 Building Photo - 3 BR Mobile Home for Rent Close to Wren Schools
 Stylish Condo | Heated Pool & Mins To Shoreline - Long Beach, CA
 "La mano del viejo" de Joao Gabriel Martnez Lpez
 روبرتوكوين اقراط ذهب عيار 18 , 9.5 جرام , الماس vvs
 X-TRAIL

**Task to carry out**. Exactly the lines from the one containing "Stylish Condo |" through the end of the records above should be returned, with both ends kept.

**Response to this exercise**.
 Stylish Condo | Heated Pool & Mins To Shoreline - Long Beach, CA
 "La mano del viejo" de Joao Gabriel Martnez Lpez
 روبرتوكوين اقراط ذهب عيار 18 , 9.5 جرام , الماس vvs
 X-TRAIL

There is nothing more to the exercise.